25 L. Definitions - For the purposes of this Chapter, -

(a) ""industrial establishment"" means-

(i) a factory as defined in clause (m) of Section 2 of the Factories Act, 1948

(ii) a mine as defined in clause (j) of Sub-section (1) of Section 2 of the Mines Act, 1952; or

(iii) a plantation as defined in clause (f) of Section 2 of the Plantations Labour Act, 1951;

(b) notwithstanding anything contained in sub clause (ii) of clause (a) of Section 2,

(i) in relation to any company in which not less than fifty one per cent of the paid-up share capital is held by the Central Government, or

(ii) in relation to any corporation [not being a corporation referred to in sub clause (i) of clause (a) of Section 2] established by or under any law

made by Parliament, the Central Government shall be the appropriate Government.

11. It is thus, clear that an industrial establishment means a factory defined in clause (m) of Section 2 of the Factories Act, 1948.

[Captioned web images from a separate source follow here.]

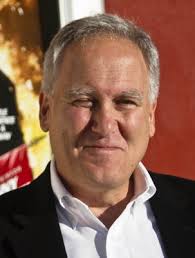 2011-11-05 Russell & Lynnea's Wedding Photo Gallery by Alan Glasser at  pbase.com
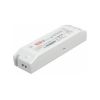 PLC-30-27 Meanwell  LED Power Supply Single output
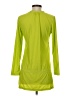 Athleta Green Long Sleeve Blouse Size S - photo 2
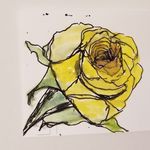 Elaine Rosenberg - @elainesartspot - Instagram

12. Clause (m) of Section 2 of the Factories Act, 1948 is as below:

(m) ""factory"" means any premises including the precincts thereof -

(i) whereon 10 or more workers are working, or were working on any day of the preceding 12 months, and in any part of which a manufacturing

process is being carried on with the aid of power, or is ordinarily so carried on, or

(ii) whereon 20 or more workers are working, or were working on any day of the preceding 12 months, and in any part of which a manufacturing

process is being carried on without the aid of power, or is ordinarily so carried on.

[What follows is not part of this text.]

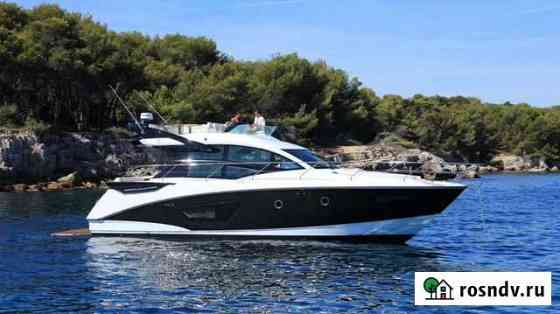 Beneteau gran turismo 50 sportfly Самара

13. A perusal of Section 2(m) of the Factories Act, 1948 dare out the emphasis on manufacturing process of a factory, which is extracted herein:

(k) manufacturing process"" means any process for -

(i) making, altering, repairing, ornamenting, finishing, packing, oiling, washing, cleaning, breaking up, demolishing, or otherwise treating or adapting

any article or substance with a view to use, sale, transport, delivery or disposal, or

(ii) pumping oil, water, sewage or any other substance; or

(iii) generating, transforming or transmitting power, or

(iv) composing types for printing, printing by letterpress, lithography, photo-gravure or other similar process or book-binding;

(v) constructing, reconstructing, repairing, refitting, finishing or breaking up ships or vessels,

(vi) preserving or storing any article in cold storage;

14. It is thus to be seen as to whether such manufacturing process was carried out by the petitioner so as to bring it within the definition of factory

as given in Section 2(m) of the Factories Act, 1948.

15. The aforesaid questions can only be determined on the basis of material that may have come on record as these are dependent on facts, to be

established only by way of cogent evidence. Considering the definition of manufacturing process, a Division Bench of this Court in Haryana Land

Reclamation & Development Corporation Ltd. v. Pawan Kumar (1994-1) 106 PLR 107 held as follows:

11. The definition of the word ''manufacturing process'' is very wide and whether a particular factory is carrying on the process which would be

termed as a manufacturing process is also a question of fact which can only be determined on the basis of facts, which come on record after the

parties get an opportunity of leading evidence, if it is not admitted.

16. On examination and due consideration of the entire record and the evidence adduced by the respondent-workman, there is not a word which

he has uttered regarding the petitioner being an industrial establishment or factory engaged in manufacturing process. No material has been

produced by him to establish this fact. Even witnesses produced by the petitioner have not been put to. any such question in this regard.

17. In the absence of any evidence to this effect, I am of the opinion that the findings recorded by the Labour Court on this issue are purely

imaginary and based on conjectures and thus, unsustainable.

18. Once it is held so there is no question of any violation of Section 25(N) of the Act and the plea of the respondent necessarily has to fail. For

the said reasons, the impugned award is set aside and the petition is allowed.